### Linear Regression with Stochastic Gradient Descent and Multiple Variables
##### Boston Housing Prices
Data is taken from Keras Datasets.

In a series of steps, we can train a simple model to update weights for our multiple parameters.  Over these updates we will minimize the mean squared error between our model's predictions and the 'real answers'.  Finally we will test our model on some testing data.


In [254]:
# Lets get our Data.

import numpy as np
from keras.datasets import boston_housing

(x_train, y_train), (x_test, y_test) = boston_housing.load_data()

In [255]:
x_train.shape

(404, 13)

##### From the documentation: `Samples contain 13 attributes of houses at different locations around the Boston suburbs in the late 1970s`

We have training data from 404 houses.  We have 13 attributes for each house 

In [256]:
y_train[0:10]

array([15.2, 42.3, 50. , 21.1, 17.7, 18.5, 11.3, 15.6, 15.6, 14.4])

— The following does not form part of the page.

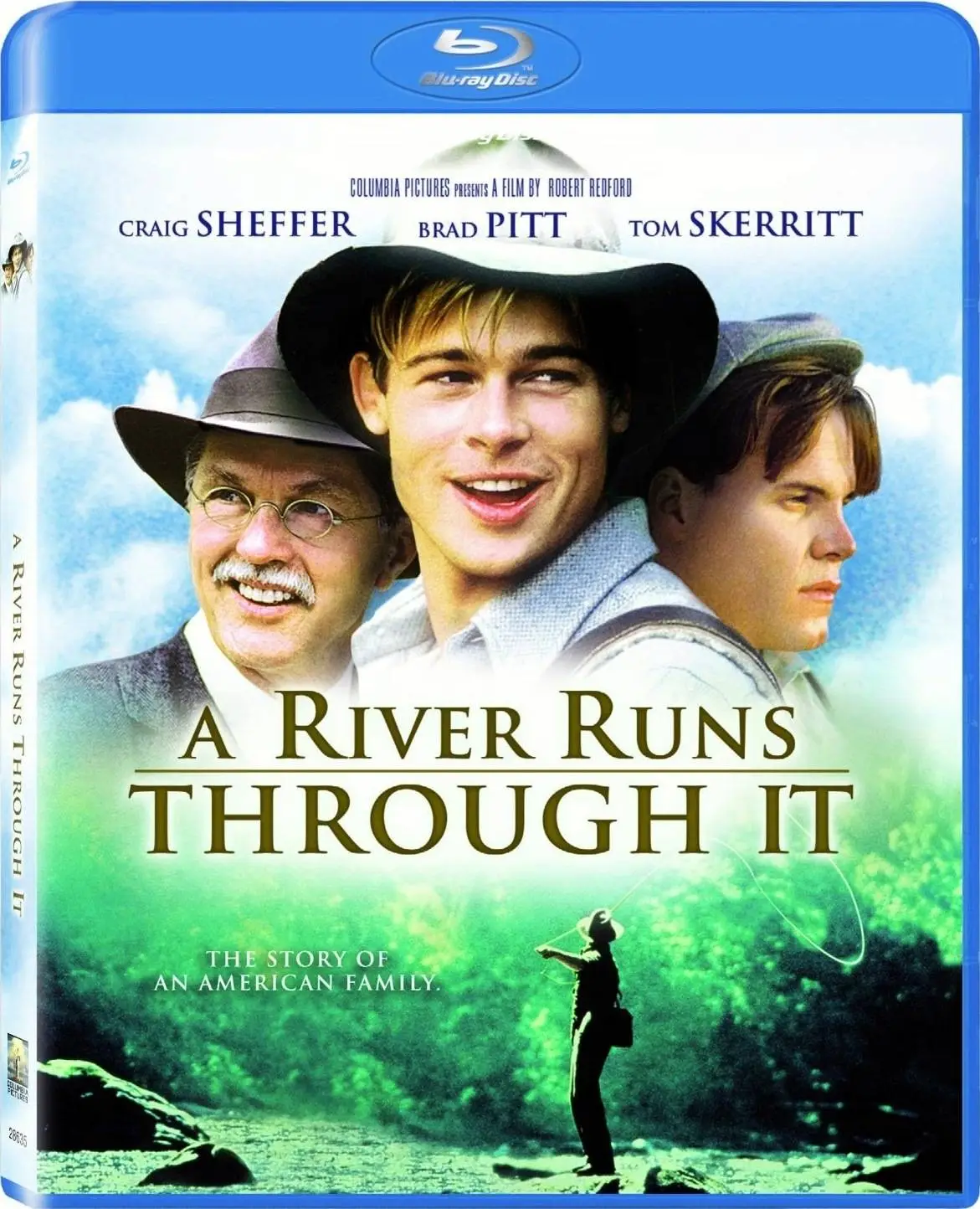 A River Runs Through It Sub Español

This is supervised learning seeing as we have the 'correct' answers.  These must be values of the homes.

### 1) The Model:

We will use an extension of y = mx + b taught in algebra class.  We will add in mx terms for each weight m and parameter x.  I will refer to weights as theta from now on.  

So we have

\begin{equation*}
h_{ \theta}(x) = \theta_{1} * x_{1} + \theta_{2} * x_{2} + ... \theta_{j} * x_{j} + b
\end{equation*}

We will use our guesses at the weights with our x_training values to generate a prediction for the price of each house.   

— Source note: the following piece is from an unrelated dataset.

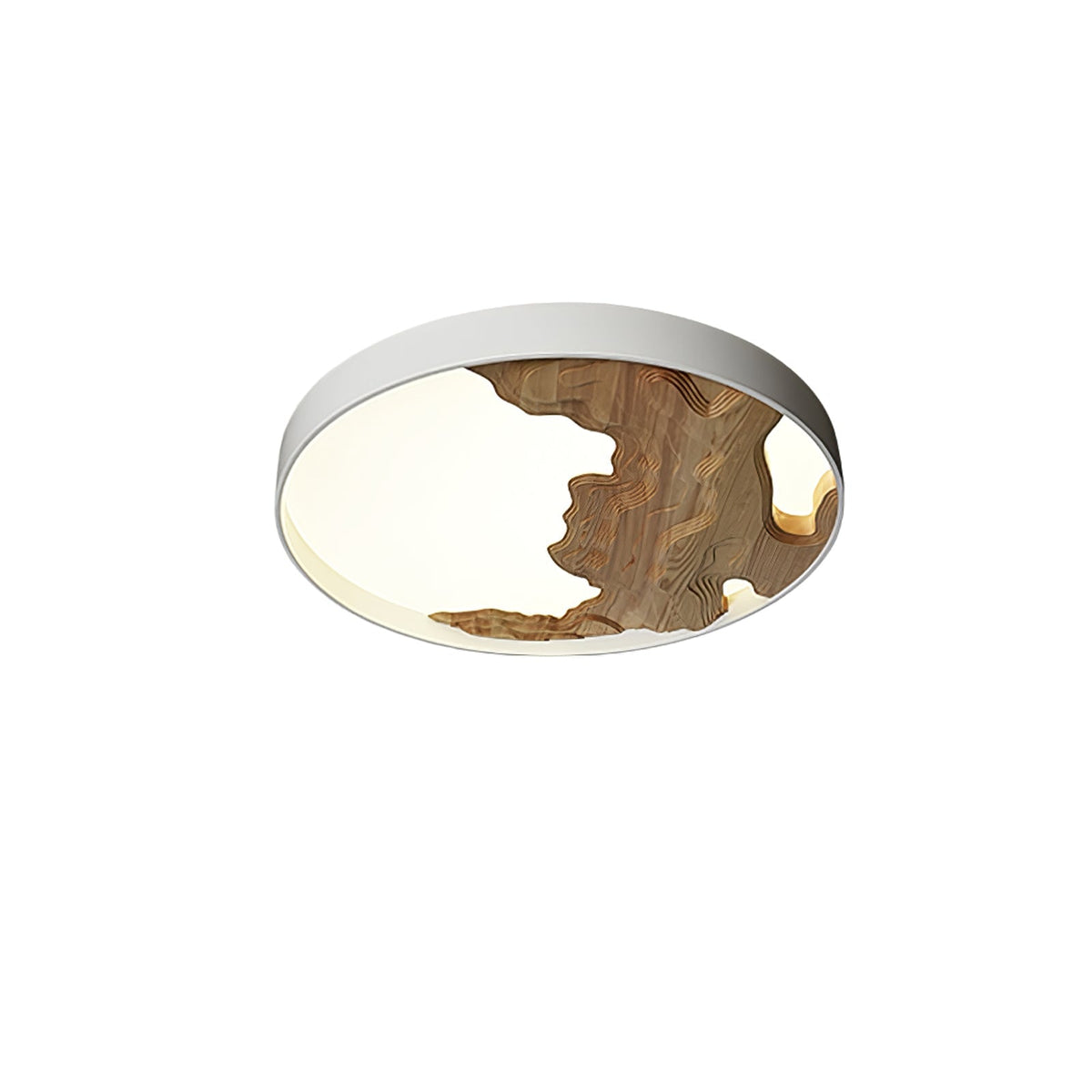 Denelenna Wood Ceiling Light-Moonnatur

### 2) Initialize Weights and Feature Normalization.

Initialize our weights for each x variable.  We can start off guessing all 0s.  
Let's also add in 1 weight for the y-intercept b, to take out one step of the model.
To do this, we will need to add a column of all 1's to our x_training values.

While we are at it, let's normalize features to make it easier for gradient descent to find local minima later on.  We will see that with features and y values on the scale of -1 to 1 that we will converge to an answer much faster.

In [257]:
thetas = np.zeros(len(x_train[0]) + 1)

def add_ones(x):
    return np.array([np.insert(arr=row, obj=0, values=1) for row in x])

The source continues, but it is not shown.